System Design: End-to-End Image Object-Detection Service
Context
Design a production-grade service that ingests user-uploaded images, runs object detection models, and returns detections via APIs. Assume both synchronous (low-latency) and asynchronous (high-throughput) use cases.

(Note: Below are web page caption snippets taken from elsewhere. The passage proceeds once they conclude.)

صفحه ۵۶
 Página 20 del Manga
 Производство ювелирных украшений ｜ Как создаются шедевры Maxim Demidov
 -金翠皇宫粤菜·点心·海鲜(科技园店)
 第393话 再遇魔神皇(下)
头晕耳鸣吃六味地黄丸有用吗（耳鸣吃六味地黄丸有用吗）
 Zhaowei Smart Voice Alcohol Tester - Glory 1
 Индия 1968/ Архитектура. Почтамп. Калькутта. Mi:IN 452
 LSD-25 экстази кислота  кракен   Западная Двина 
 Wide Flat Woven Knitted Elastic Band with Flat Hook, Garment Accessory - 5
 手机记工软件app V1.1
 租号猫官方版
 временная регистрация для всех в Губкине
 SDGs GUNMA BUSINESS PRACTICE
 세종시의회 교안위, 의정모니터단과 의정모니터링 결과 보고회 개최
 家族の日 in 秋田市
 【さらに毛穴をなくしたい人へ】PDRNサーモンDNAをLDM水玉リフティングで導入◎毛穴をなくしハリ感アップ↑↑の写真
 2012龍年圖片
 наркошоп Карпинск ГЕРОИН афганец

If you need concrete numbers to reason about trade-offs, you may assume a moderate scale (e.g., 1–5k RPS peak, average image ~1 MB, typical image sizes 640–2048 px on the long side), but state any assumptions you make.
Requirements
Specify the following:
-
Functional requirements
-
Public APIs to submit images and retrieve detections
-
Synchronous detection for small/latency-sensitive requests
-
Asynchronous detection for large images/bulk loads
-
Idempotency, pagination, authentication/authorization
-
Result formats (bounding boxes, classes, confidences; optional masks)
-
Non-functional requirements
-
Accuracy targets (e.g., mAP@0.5, mAP@[0.5:0.95])
-
Latency SLOs (p50/p95 for sync vs. async)
-
Throughput targets (RPS or jobs/sec)
-
Availability (e.g., 99.9%+), durability, cost constraints
High-Level Architecture
Describe at a high level:
-
Ingestion (upload endpoints, pre-signed URLs)
-
Storage (object store for images, DB for metadata/results)
-
Preprocessing pipeline (resize/normalize/EXIF/format conversion)
-
Model serving tier (GPU inference, batching)
-
Asynchronous workers and queues (with DLQs/backpressure)
-
APIs for submit/status/results
-
Observability (metrics/logs/traces)
Data/Version Management
-
Model registry, dataset versioning, schema evolution
-
Reproducible training and rollbacks (model and data)
Performance/Operations
-
Batching strategy, GPU utilization, concurrency
-
Autoscaling strategy (request- and queue-driven)
-
Caching strategies (results, model artifacts)
Modeling & ML Ops
-
Model choices: single-stage vs two-stage, and when to use each
-
Training and labeling pipeline (active learning, QA)
-
Evaluation metrics and validation gates
-
Online/offline monitoring (drift, quality, SLIs/SLOs)
-
A/B testing and rollout/guardrails
Reliability & Compliance
-
Failure modes, retries, backpressure, timeouts, circuit breakers
-
Privacy, compliance, data retention, regionality
-
Cost controls (GPU choice, right-sizing, spotting)
-
Deployment strategy (blue/green, canary, rollback)